Mark Pelavin’s career has placed him at the intersection of strategic communications and public policy, working at the highest levels to advance progressive values and build strong institutions.
He was a senior professional for the Reform Jewish Movement, the largest denomination in North American Jewish Life, for over 25 years serving as Director of its Commission on Social Action, Associate Director of the Religious Action Center, Director of the Commission on Interreligious Affairs, and, later, as Senior Advisor to the President of the Union for Reform Judaism (URJ) and as the URJ’s Chief Program Officer.
In every role, Mark shaped policy and drove communications strategy. These efforts included:
• Mobilizing tens of thousands of community leaders, led by teens, around the 2018 March for Our Lives anti-gun violence efforts after the shootings in Parkland, Florida;
• Designing and implementing the media strategy to introduce the URJ’s first new President in 20 years;
ABOUT MARK
• Producing the URJ Biennial General Assembly, the largest conference in North American Jewish life, including directing plenary sessions with President Barak Obama and Vice President Joe Biden;
• Leading a restructuring of the Israel advocacy work of the largest religious Zionist organization;
• Staffing the North American Board of a geographically and ideologically diverse Movement, and partnering with successive Board Chairs to design meetings and facilitate the policy-making process; and
• Launching a new website – ReformJudasim.org – to expand the Movement’s outreach to the unaffiliated and unengaged.
Mark developed a special expertise working with congregations, camps, and other institutions in responding to crises.

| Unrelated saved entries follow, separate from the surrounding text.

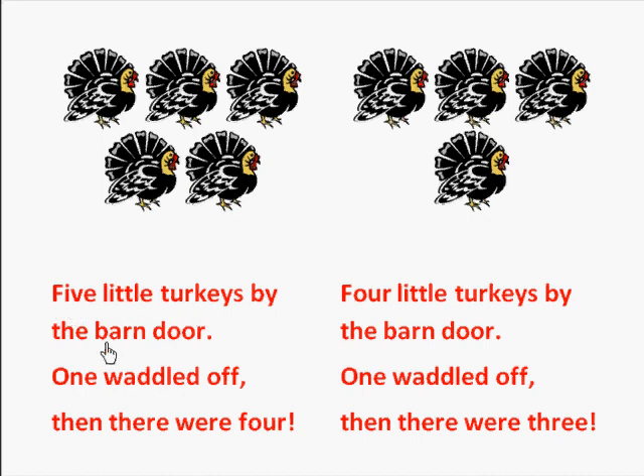Five little turkeys by the barn door. One waddled off, then there were four. Let's check and see how many turkeys: one, two, three, four. Four little turkeys by the barn door. One waddled off, then there were three.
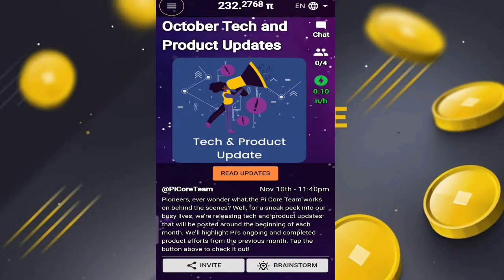Hello guys, today we are covering a new update. Pi Network has come with a new update called the October Tech and Product Update. They are saying: 'Ever wonder what the Pi core team works on behind the scenes? Our team is working behind the scenes and here's a sneak peek into our busy lives.'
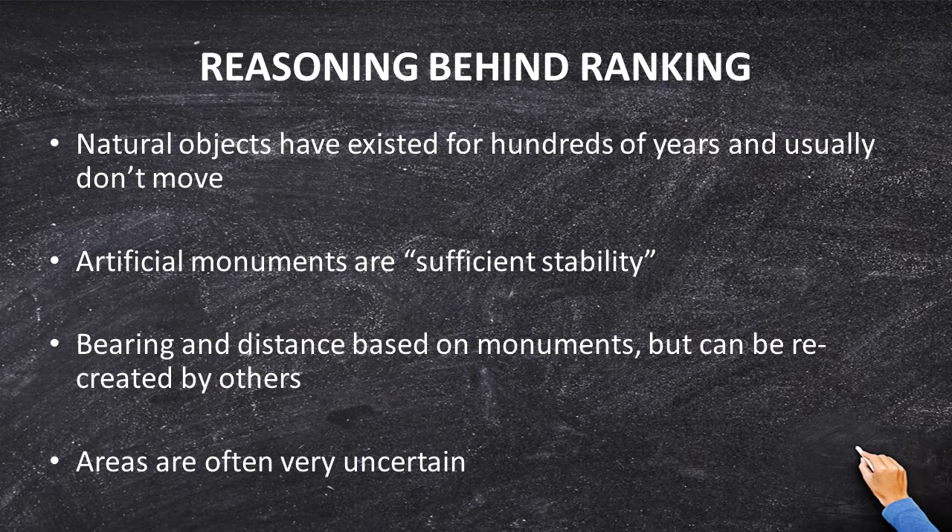If we've got no construction and no natural features, then we break out the total station and measure bearings and distance, and based on that bearing and distance we find the true location of the monument. And if all you've got is area, then we use it — but remember, area is calculated based on bearing and distance, so we never want area to dictate the bearing or distance of a line if we can help it. I encourage you to read Clark and Brown's for more on Priority of Calls.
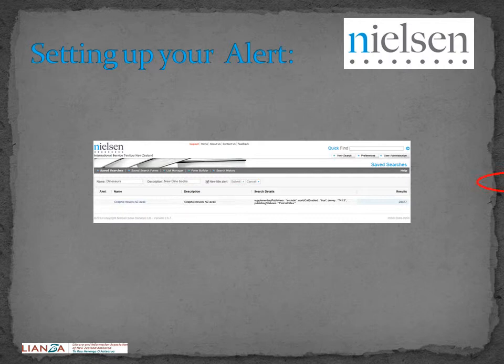Setting up your alert. Now you can give your search criteria a name and a description. Tick the New Title Alert box and then click Submit. The search will now run weekly and any new titles meeting the criteria will be emailed to you.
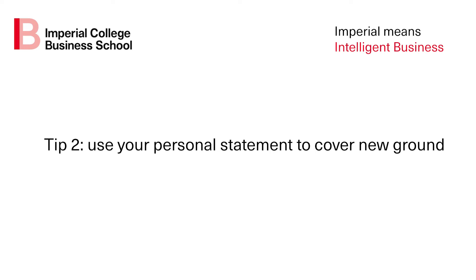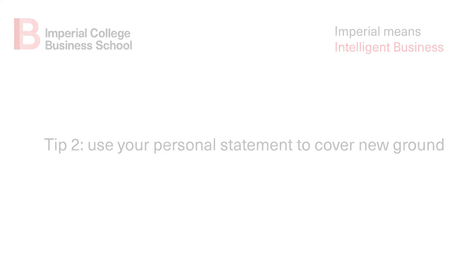Tip number two: use your personal statement to cover new ground. Write about things in your personal statement that you haven't already mentioned elsewhere in your application. A personal statement is your chance to elaborate and provide further details on any additional relevant experiences you may have, such as internships or volunteering or hobbies.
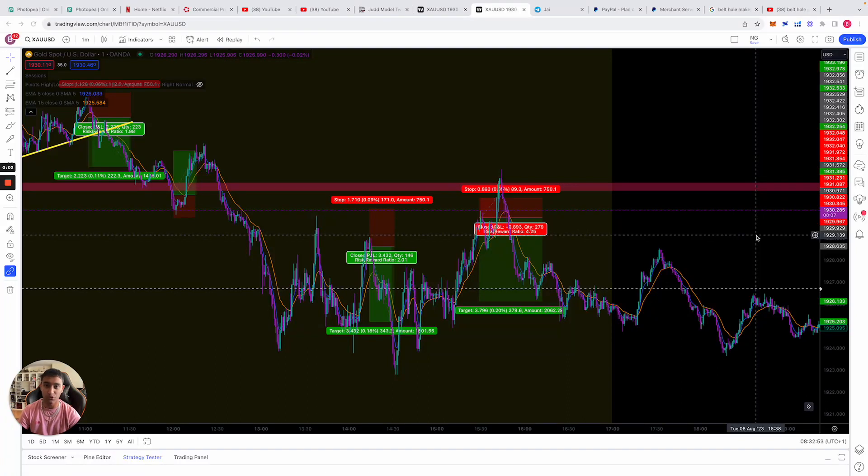Welcome back to another video. In this video we're going to talk about the only gold strategy you will ever need to make stupid money every single day. I say stupid money because it's limitless — limited only by how big your account size is.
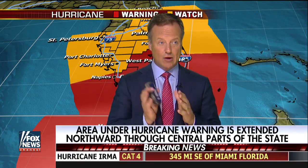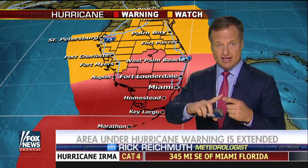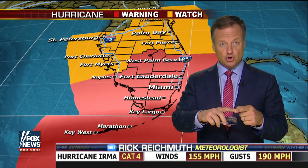Some changes here. A couple changes. That westward kind of leaning certainly kind of continues. There is now a storm surge watch — it's a new thing that's being issued by the Hurricane Center. Storm surge watches and warnings. But the watch now...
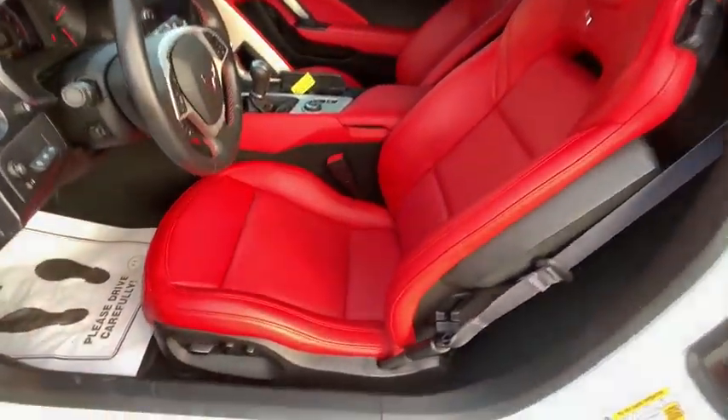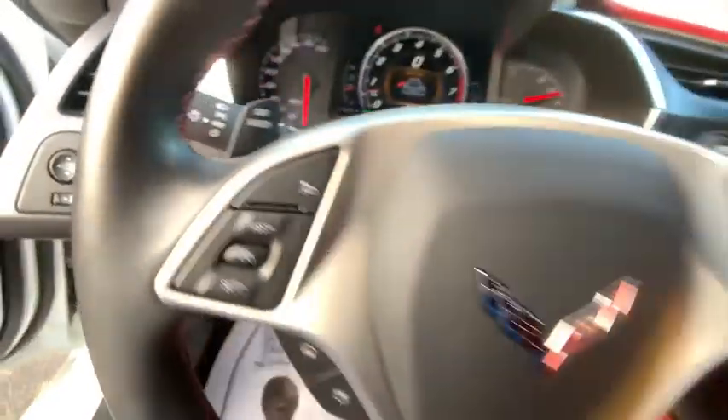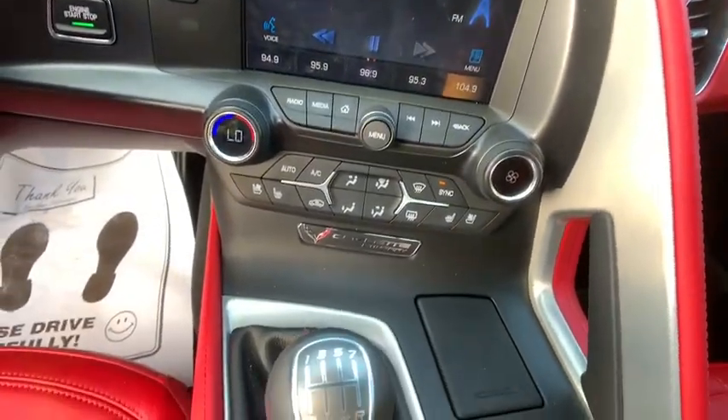Trip computer, compass, electronic stability control, power windows, Sirius satellite radio, remote keyless entry, panic alarm, tachometer, front bucket seats, driver vanity mirror.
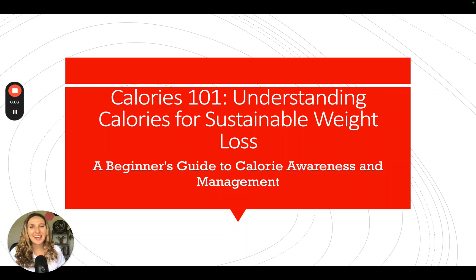Welcome to Morally Coaching. Today we are doing a full-on video explaining exactly what calories are so that you understand calories for sustainable weight loss. This is a beginner's guide to your calorie awareness, your calorie management, and knowing exactly what calories are and how they affect your weight loss.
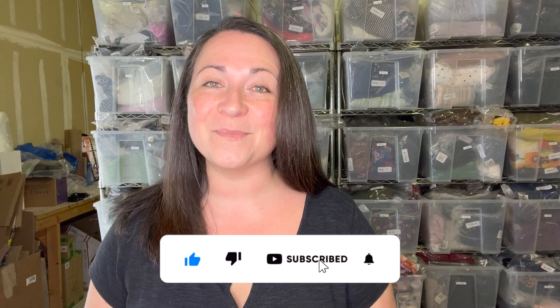Hey guys, welcome back to my channel. If you're new here, my name is Denali and I am a full-time reseller on websites like eBay and Poshmark. You can find me on Instagram as elduchathrift. If you're not subscribed and you'd like to be, hit the button down below and give me a thumbs up on your way out today if you enjoy the video.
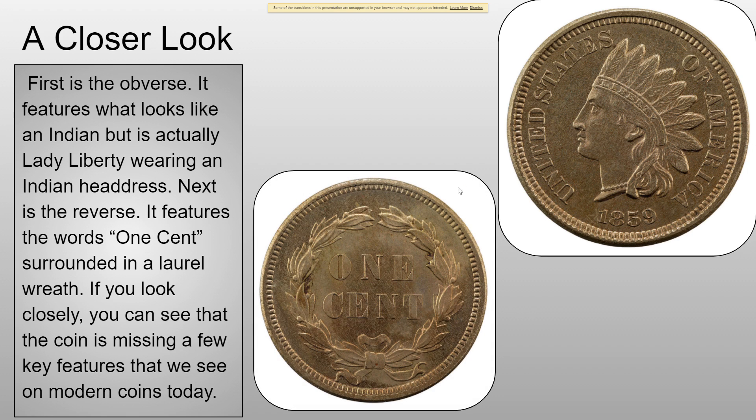Next is the reverse. You can see it's got the words "One Cent" on it, and it's surrounded by a laurel wreath. If you actually look more closely at the coin, you can see that it's actually missing a few key details that we see on pretty much all coins today. You notice there's no "E Pluribus Unum."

This included counseling synagogue boards as they addressed ethical boundary violations (by clergy and others), providing advice to – and mobilizing support for – congregations impacted by natural disasters or anti-Semitic attacks, and serving as a spokesperson on the most challenging issues.
Mark has always played a key role building coalitions and helping new organizations get off the ground. As part of his work as Director of the Commission on Interreligious Affairs, he helped create Shoulder to Shoulder, bringing scores of religious institutions together in support of American Muslims. He was a long-time leader of the Jewish Social Justice Roundtable, and continues to advise the Roundtable’s professional staff.
Prior to his tenure with the Reform Movement, Mark held a series of positions with the American Jewish Congress, beginning as an intern and concluding with serving as the agency’s Washington Representative.
A member of the Maryland and U.S. Supreme Court bars, Mark is a graduate of Georgetown University Law Center and of Brandeis University. He lives on Maryland’s Eastern Shore.